• **Directions**: The first line of the entries and each line after it, through the one that contains "清新甜美的小姐姐连衣裙穿出迷人好身姿，超短裙摆秀出逆天长腿吸", are to be duplicated exactly; no picture belongs in the copy.
------ Records to process
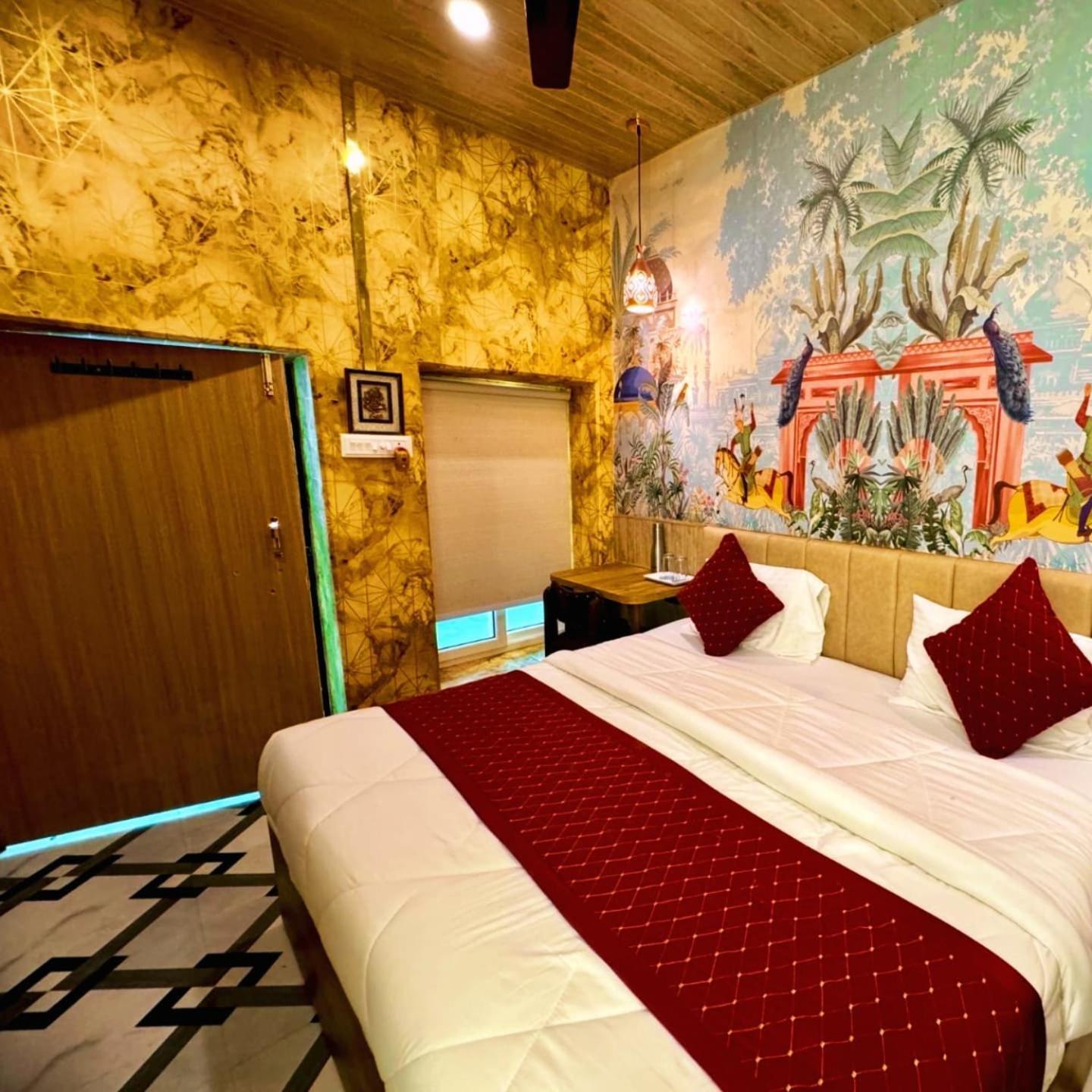 Love hotel Iconic *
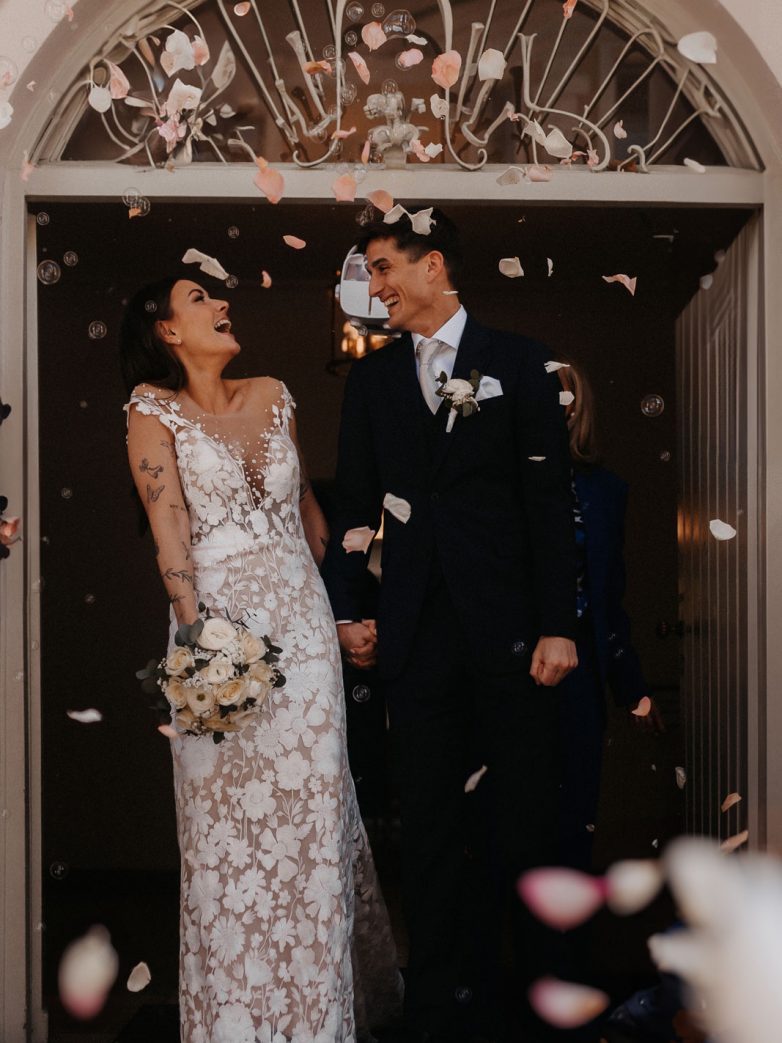 Paar bei der standesamtliche Trauung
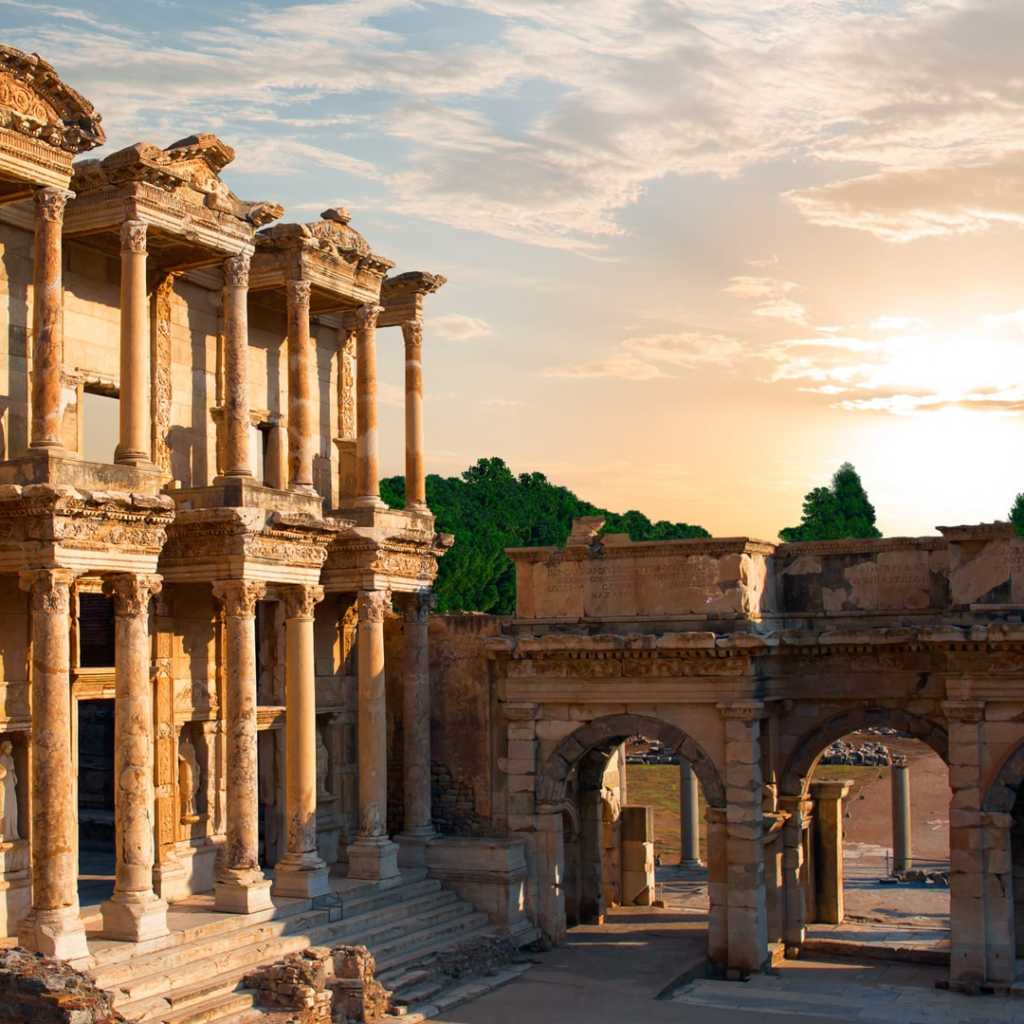 travel from ephesus to istanbul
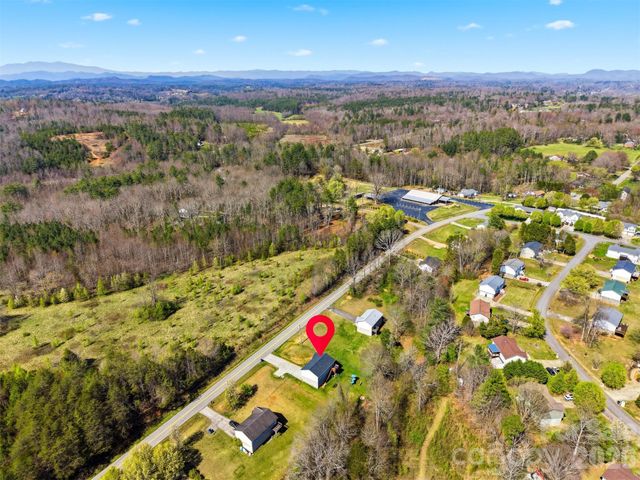 4374 Calico Road, Lenoir, NC 28645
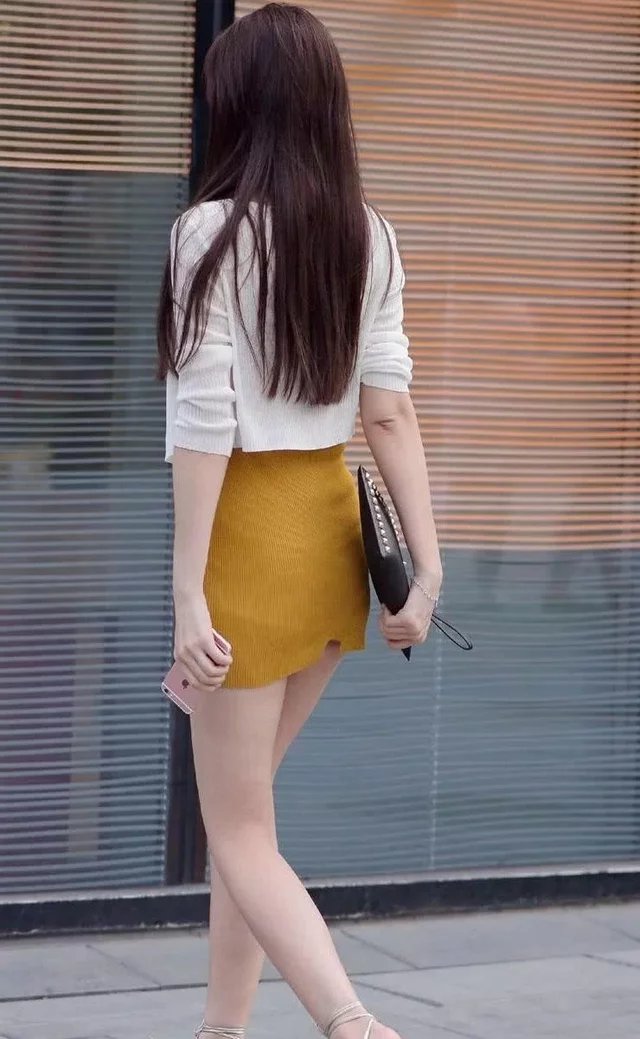 清新甜美的小姐姐连衣裙穿出迷人好身姿，超短裙摆秀出逆天长腿吸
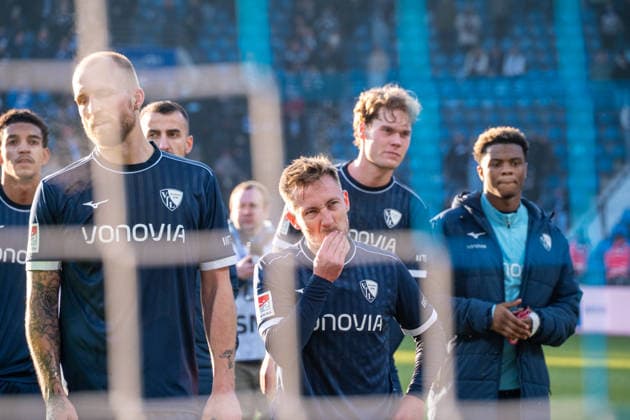 Germany 2 Bundesliga 2025 26 Vfl Bochum vs SV Darmstadt 98,18 Matchday 18 01 2026 Vonovia Ruhstadion Bochum Maximilian Wittek Vfl Bochum,32 Philipp Hofmann Vfl Bochum,33 Copyright: xOrhanxHabashx
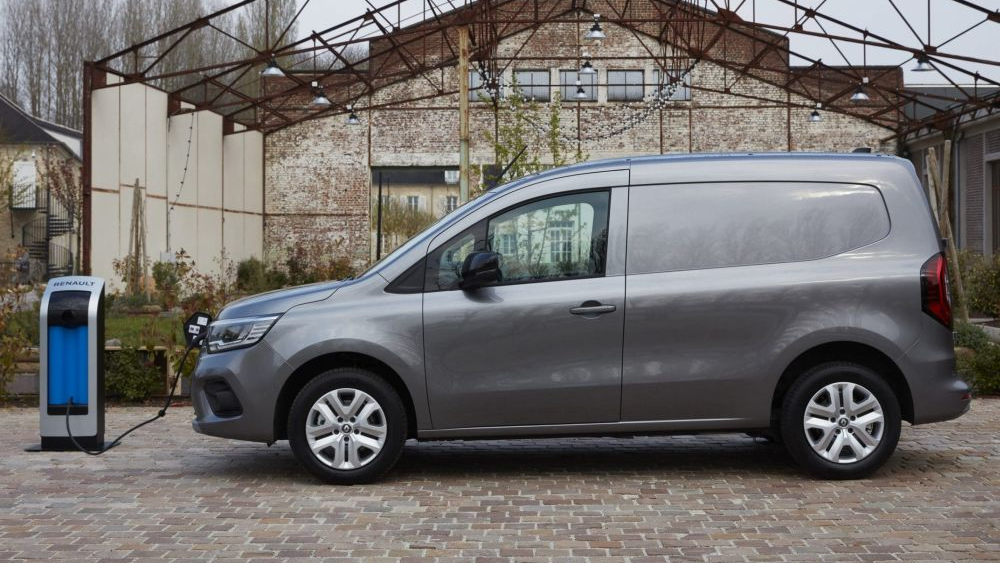 Een grijze bestelwagen Renault Kangoo wordt elektrisch opgeladen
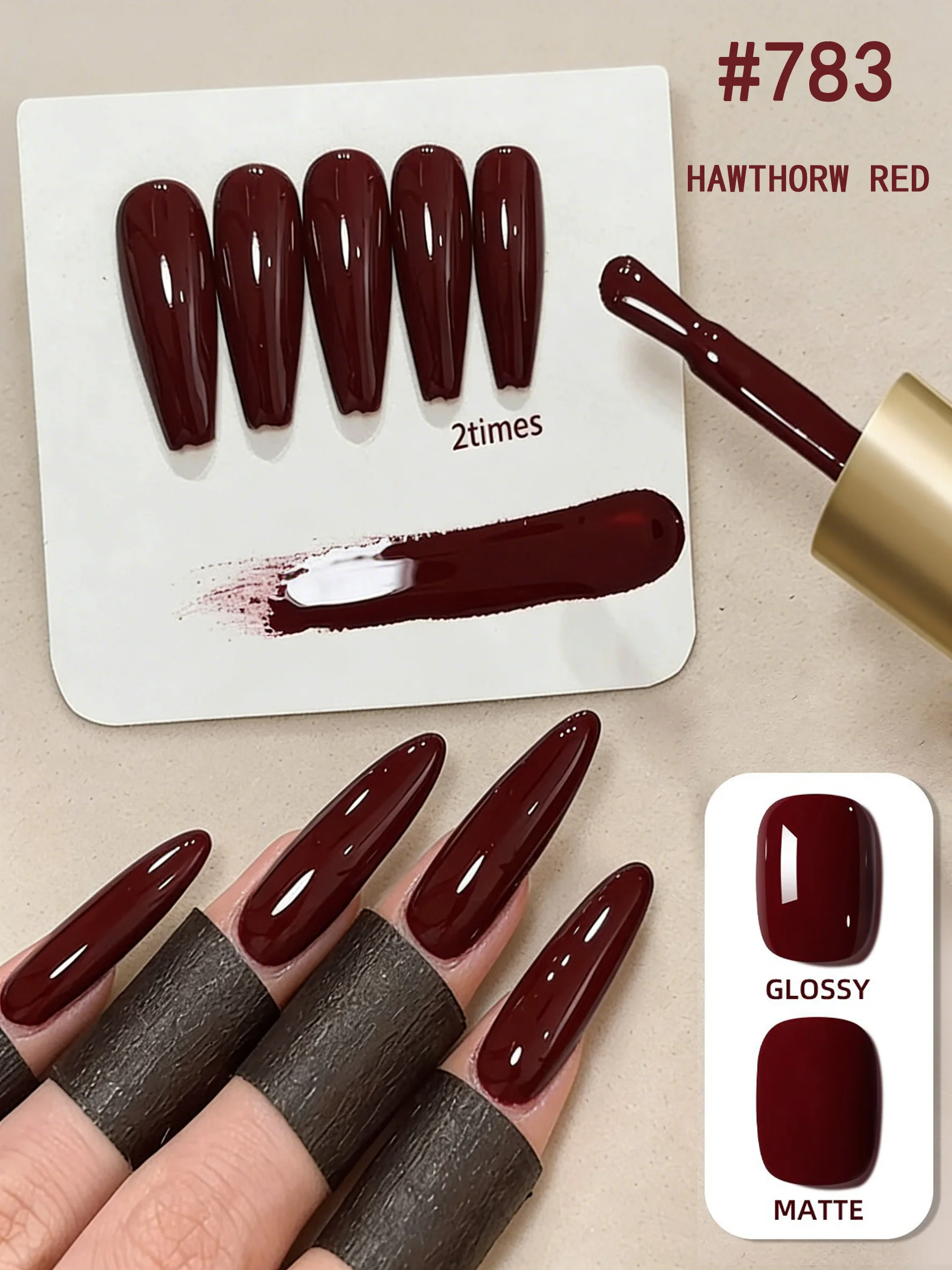 秋冬の新作コレクションには、ホワイトアンコラレッド、特別に調整されたチェリーレッドのネイルポリッシュとネイルアートキットが登場します。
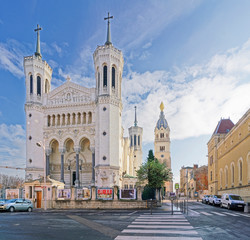 Fototapeta na wymiar Basilique Notre-Dame de Fourvière à Lyon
------------
• **Result below**:
 Love hotel Iconic *
 Paar bei der standesamtliche Trauung
 travel from ephesus to istanbul
 4374 Calico Road, Lenoir, NC 28645
 清新甜美的小姐姐连衣裙穿出迷人好身姿，超短裙摆秀出逆天长腿吸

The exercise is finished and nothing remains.